National Bank branch on Kenyatta Avenue Nairobi. FILE PHOTO | DENNIS ONSONGO | NMG


Revealed: KCB Group inks deal to sell National Bank

KCB Group is selling its subsidiary National Bank of Kenya (NBK) for an undisclosed amount less than five years after it acquired the lender in a rescue deal that was shepherded by the National Treasury and the Central Bank of Kenya.

KCB, which will Wednesday evening be releasing its financial results for the year ended December, is expected to formally announce the sale of NBK to a Nigerian lender at the same event, according to sources familiar with the matter.

The Central Bank of Kenya (CBK), whose approval will be required, has been notified of the proposed transaction whose value was not disclosed.

This publication sought a comment from KCB on the deal but the lender preferred not to make any on such a material development. The proposed deal comes at a time when prospects for medium to large Kenyan banks have brightened with the introduction of risk-based lending, cooling inflation and a strengthening shilling.
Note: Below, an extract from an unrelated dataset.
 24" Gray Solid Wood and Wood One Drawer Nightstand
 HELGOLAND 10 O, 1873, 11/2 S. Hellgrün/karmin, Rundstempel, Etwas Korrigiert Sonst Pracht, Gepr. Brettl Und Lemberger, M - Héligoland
Banks with capital shortfalls may however fail to fetch top dollar though a motivated buyer can pay a premium to gain control of an ongoing business with a substantial base of customers. NBK had a book value of Sh10.6 billion as of September 2023.

Shareholders of healthy banks have been selling their stakes at a major premium above the valuation indicated by the share prices on the Nairobi Securities Exchange (NSE).

UK development finance institution, British International Investment, recently received Sh6.5 billion from the sale of its 10.13 percent stake in I&M Group to private equity firm Africinvest, getting twice the value of what the shares were trading at the time of concluding the transaction.

KCB acquired NBK in October 2019 in a share swap deal that saw the former issue 147.3 million shares worth Sh6 billion then to the former owners of the subsidiary.

The former owners of NBK included the Treasury and the National Social Security Fund (NSSF) that ended up boosting their stakes in the acquirer when the deal was concluded. NBK was in a weak capital position and had been posting losses for years with its absorption into the better-capitalised KCB Group seen as a means of solving its problems that partly arose from a legacy of decades of political interference and poor credit risk management.

KCB would go on to invest billions of shillings in NBK but the capital adequacy problem has persisted, with the subsidiary posting a Sh3 billion net loss in the nine months ended September 2023.

NBK had received a cumulative Sh12.5 billion from KCB as of last year in the form of debt and equity capital, indicating that the acquisition will take more time before paying off.

KCB had earlier announced it would integrate NBK into its existing local operation – KCB Bank Kenya — but later decided to let the two institutions run as standalone businesses.

This has made it easier to sell NBK which handles a lot of government business. KCB Bank Kenya is also a major banker to government entities in addition to a more diverse base of clients in retail and corporate banking.

NBK's net loss in the nine months to September last year reversed a net profit of Sh807 million a year earlier, according to disclosures in KCB Group's financial statements for the period.

The loss was partly driven by legacy issues, including a Sh2.3 billion payment to Basil Criticos, a former Member of Parliament, as compensation for auctioning his sisal farm about 17 years ago.

The High Court last year ordered NBK to pay the former MP the money as compensation for auctioning his sisal farm 15 years ago.

NBK, on the back of the loss, closed the period in breach of three regulatory capital ratios that measure the stability of a bank. These are the core capital to total deposits, core capital to total risk-weighted assets and total capital to total risk-weighted assets.

Partly due to the consolidation of NBK, the asset quality of KCB Group has been weaker than the industry average with the share of gross defaults to total loans at 17.8 percent. as of September 2023.